SUPPLIED ENTRIES:
*** Begin section ***
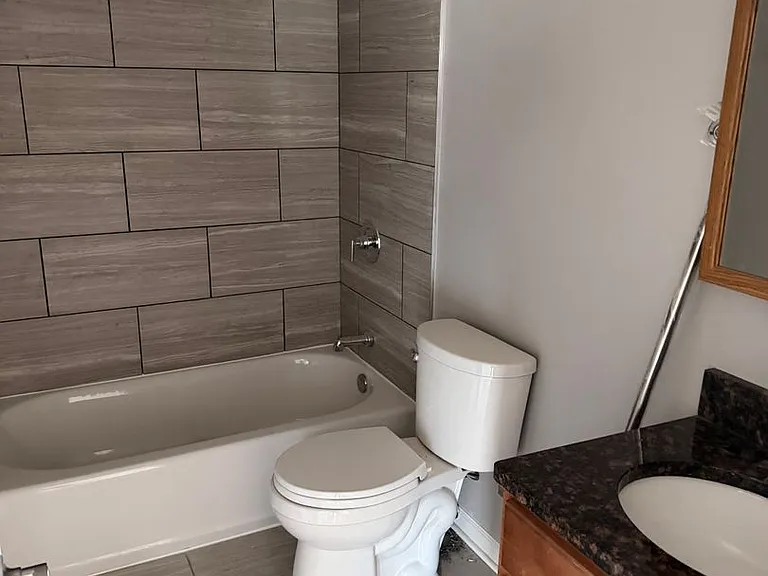 Crestline Villas Apartments — Photo 11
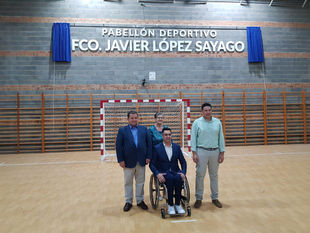 Emotivo acto de nominación del Pabellón Deportivo de Fuente del Maestre en honor de Francisco Javier López Sayago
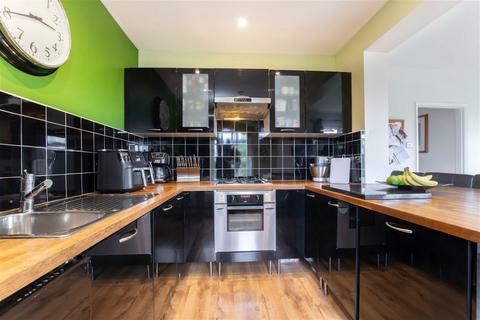 3 bedroom apartment for sale - Polefield House, Hatherley Road, Cheltenham, GL51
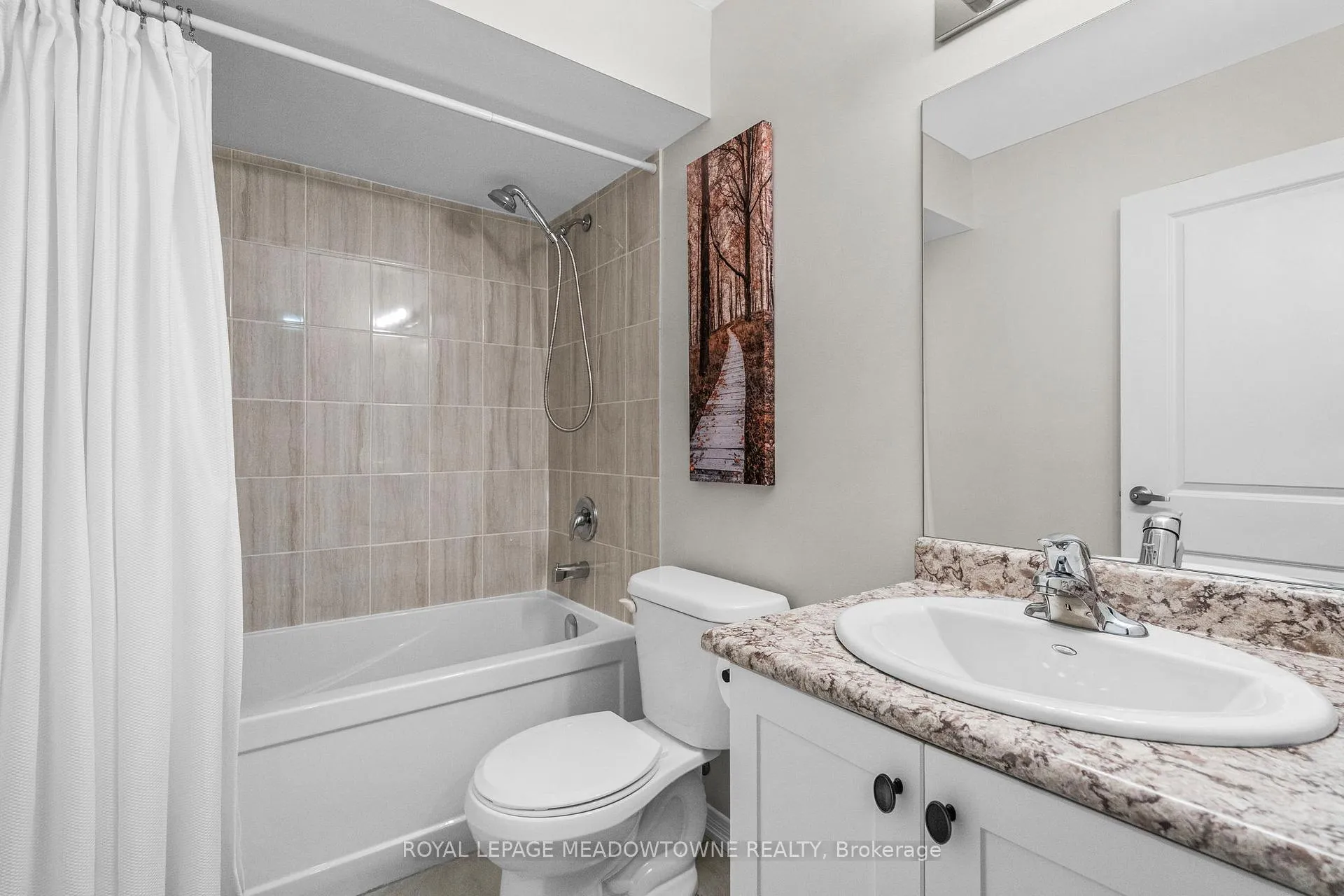 Photo 35 of 24 Cosmopolitan Common, St. Catharines, Carlton/Bunting — HOMEH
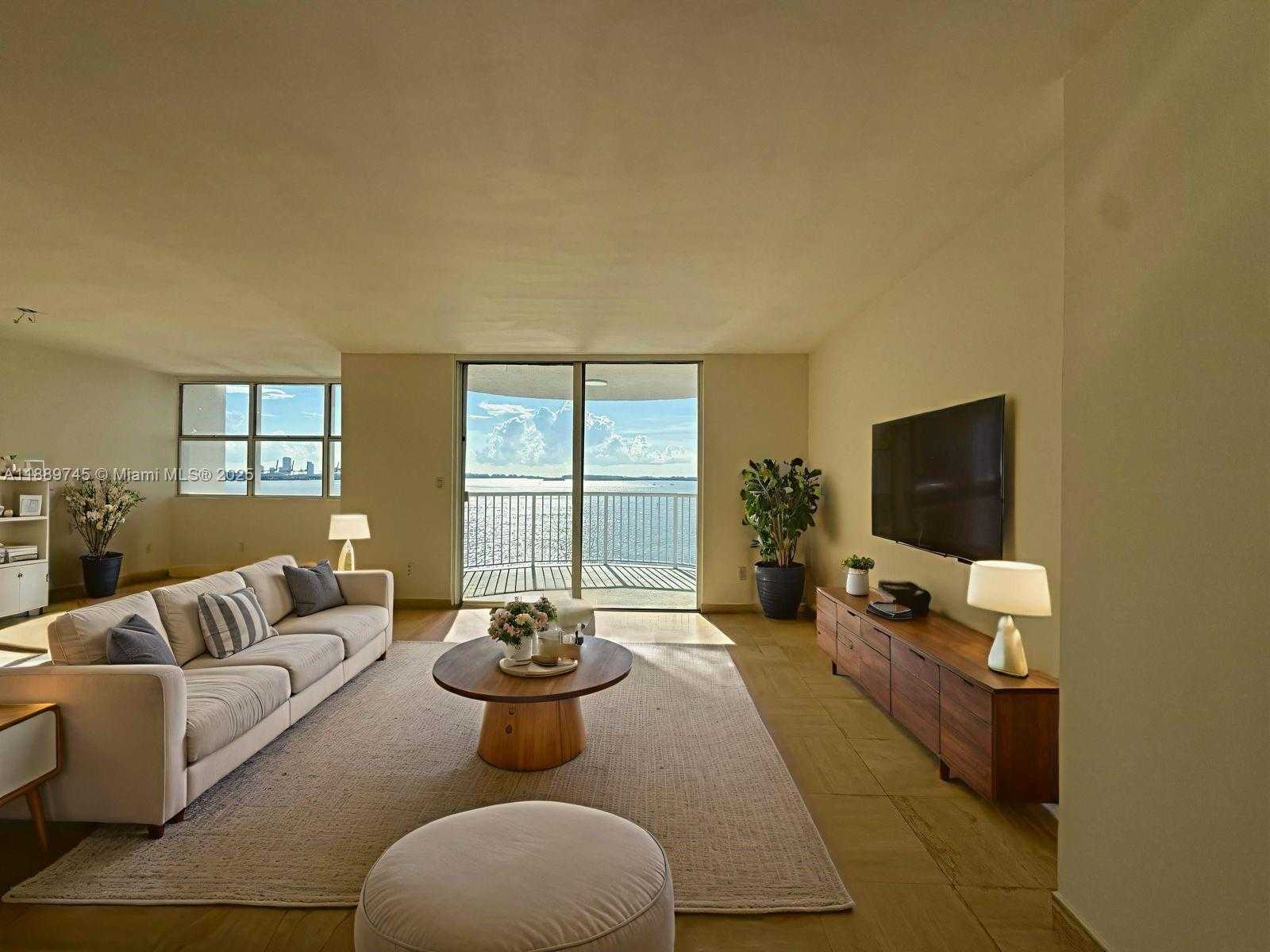 Small Image of 1420 BRICKELL BAY DR #1203A, Miami Number 5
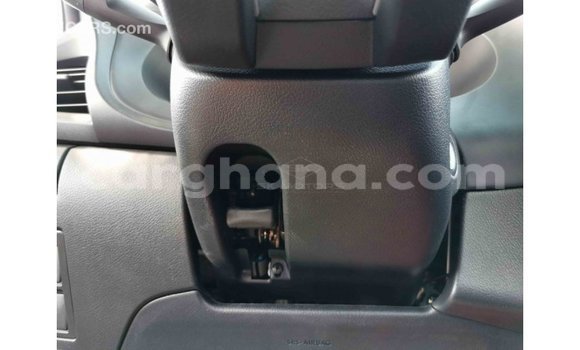 Ra Imported Toyota Hilux funfun Ọkọ̀ in Import - Dubai ni Ashanti Ra Imported Toyota Hilux funfun Ọkọ̀ in Import - Dubai ni Ashanti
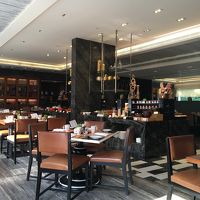 朝食はロビーのフロアにあるレストランで。ビュッフェスタイル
*** End section ***
TASK:
Go back to the line containing "Small Image of" and output it and every line after it through the end of the records, exactly, but not the pictures.

YOUR SOLUTION:
 Small Image of 1420 BRICKELL BAY DR #1203A, Miami Number 5
 Ra Imported Toyota Hilux funfun Ọkọ̀ in Import - Dubai ni Ashanti Ra Imported Toyota Hilux funfun Ọkọ̀ in Import - Dubai ni Ashanti
 朝食はロビーのフロアにあるレストランで。ビュッフェスタイル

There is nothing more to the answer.